YOUR TASK
What follows is a listing to transcribe exactly, leaving the pictures out.

INFORMATION PROVIDED
────────────────────

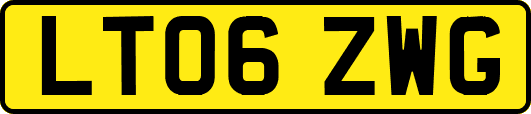 LT06ZWG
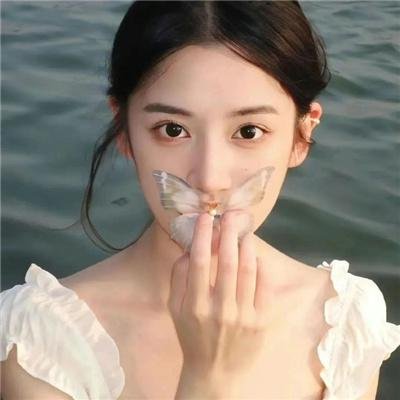 第六感泰版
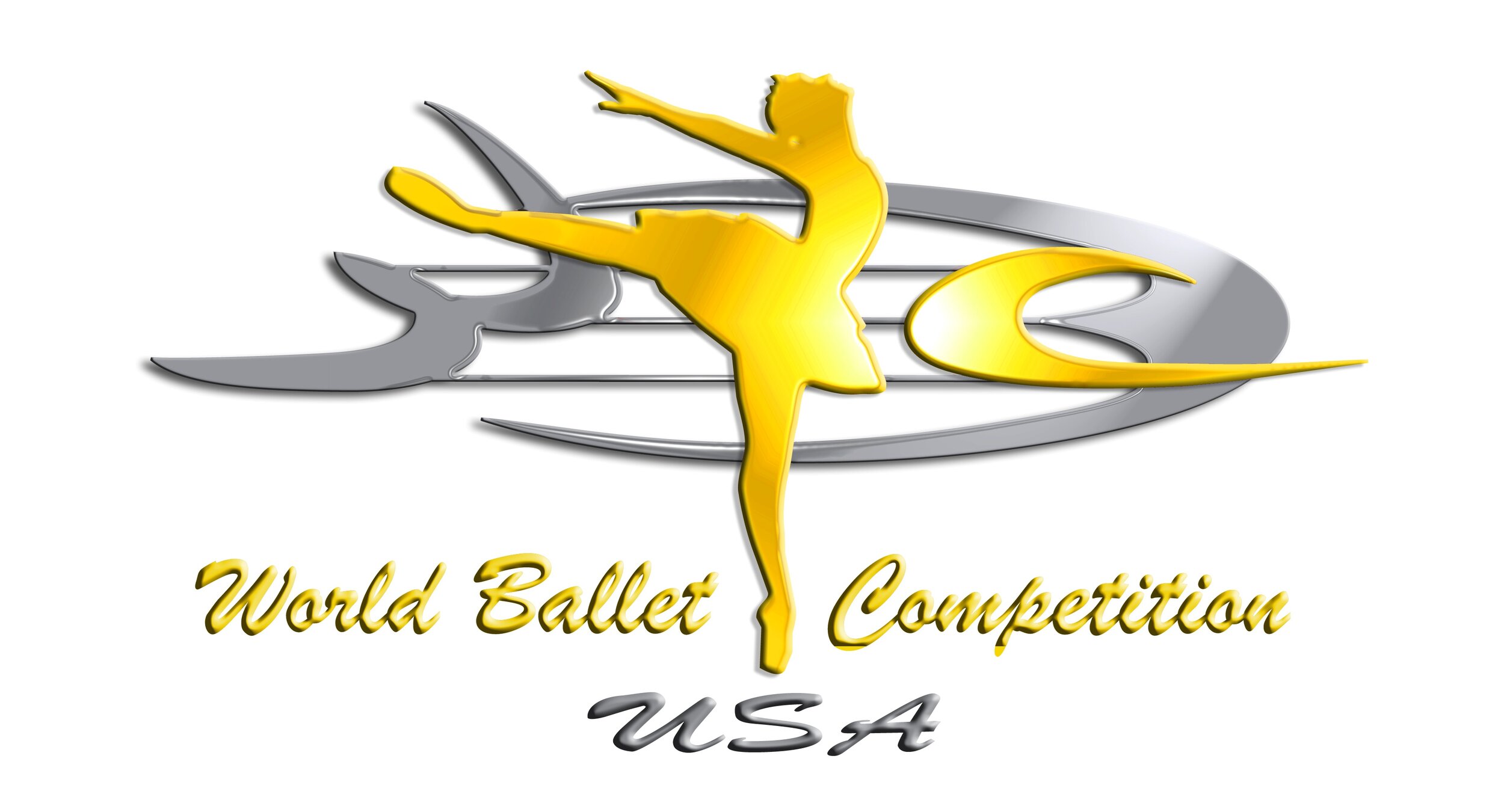 WBC Virtual Master Class taught by Slawomir Wozniak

────────────────────

SOLUTION FOR THIS EXERCISE
 LT06ZWG
 第六感泰版
 WBC Virtual Master Class taught by Slawomir Wozniak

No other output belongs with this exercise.